● WHAT THE EXERCISE ASKS
The entries below contain pictures, which are to be left out; write out exactly, and only, the lines from the line with "Lee, ME 04455,Lot 6 Off Bill Green Pond RD" up to and including the line with "MiaCara zeleno potovalno".

● RECORDS FOR THE EXERCISE
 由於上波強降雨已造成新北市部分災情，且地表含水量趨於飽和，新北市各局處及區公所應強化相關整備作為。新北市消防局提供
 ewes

--

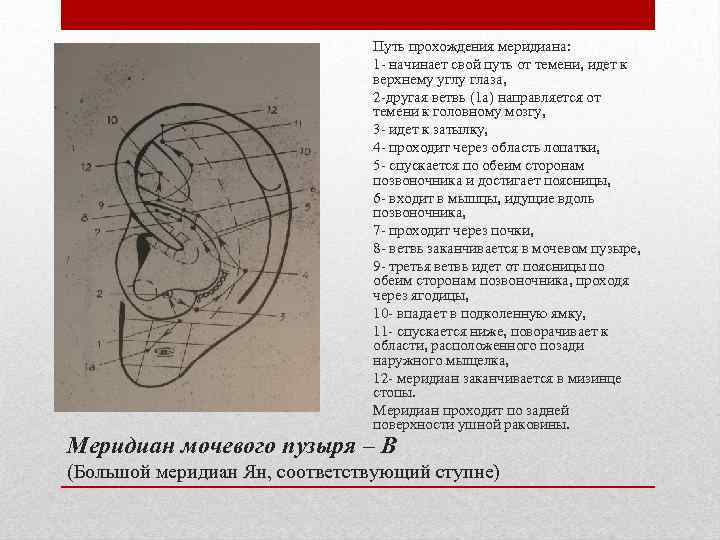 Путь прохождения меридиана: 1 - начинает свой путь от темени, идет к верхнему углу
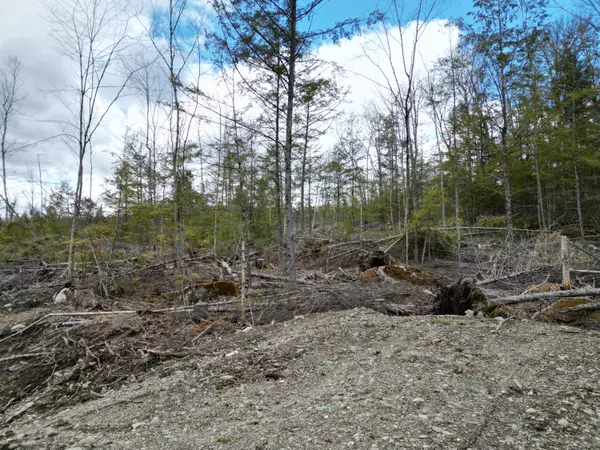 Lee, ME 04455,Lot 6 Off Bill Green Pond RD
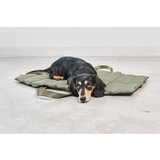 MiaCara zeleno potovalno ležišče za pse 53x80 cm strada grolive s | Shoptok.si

--

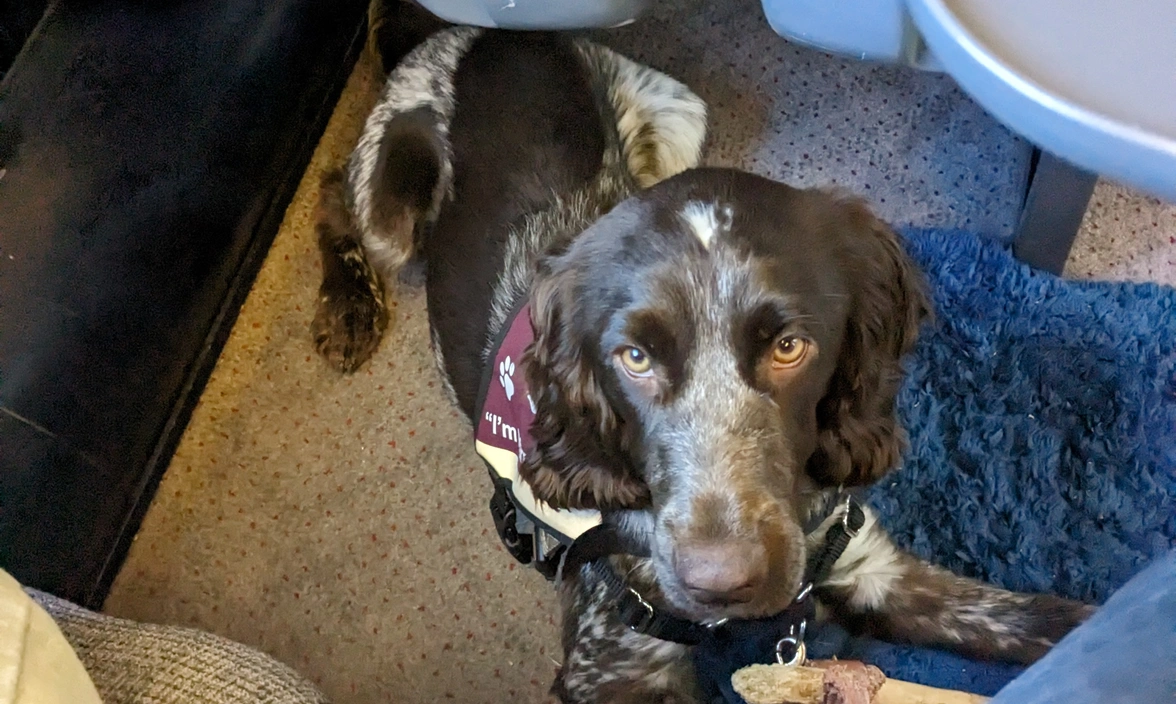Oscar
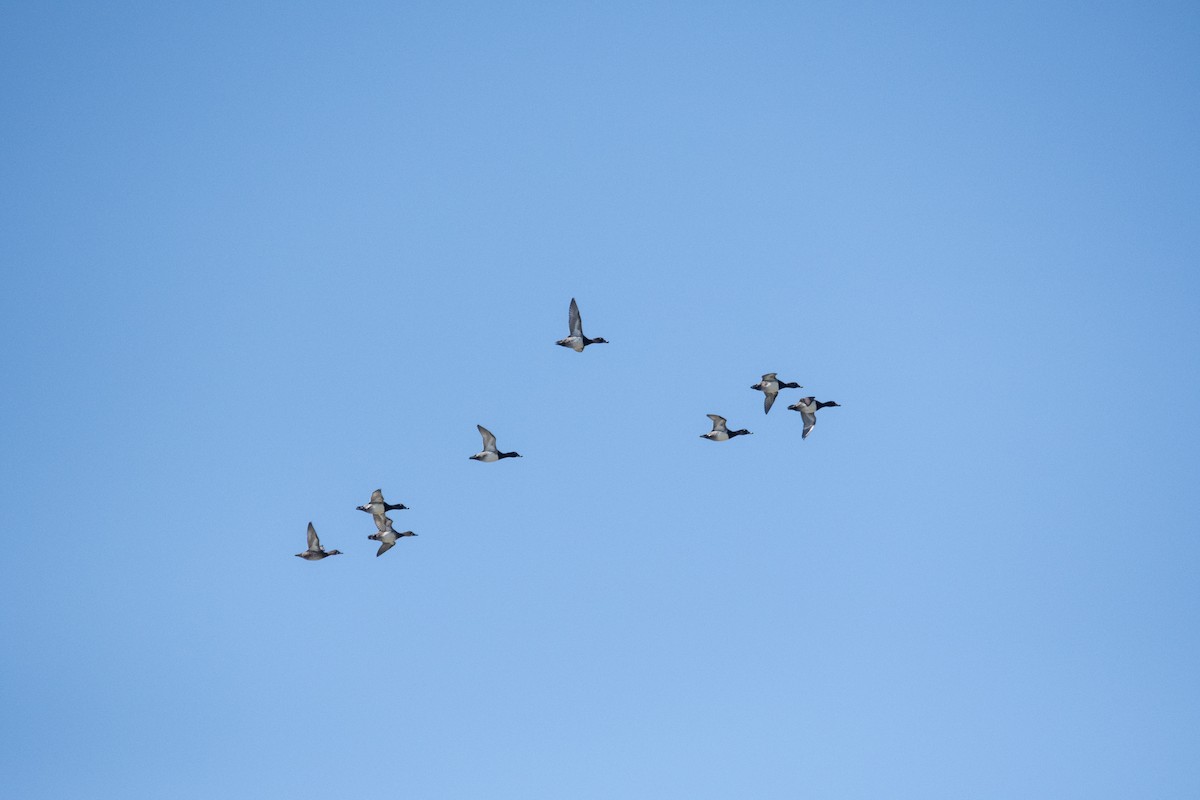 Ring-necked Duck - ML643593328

● OUTPUT FOR THIS TASK
 Lee, ME 04455,Lot 6 Off Bill Green Pond RD
 MiaCara zeleno potovalno ležišče za pse 53x80 cm strada grolive s | Shoptok.si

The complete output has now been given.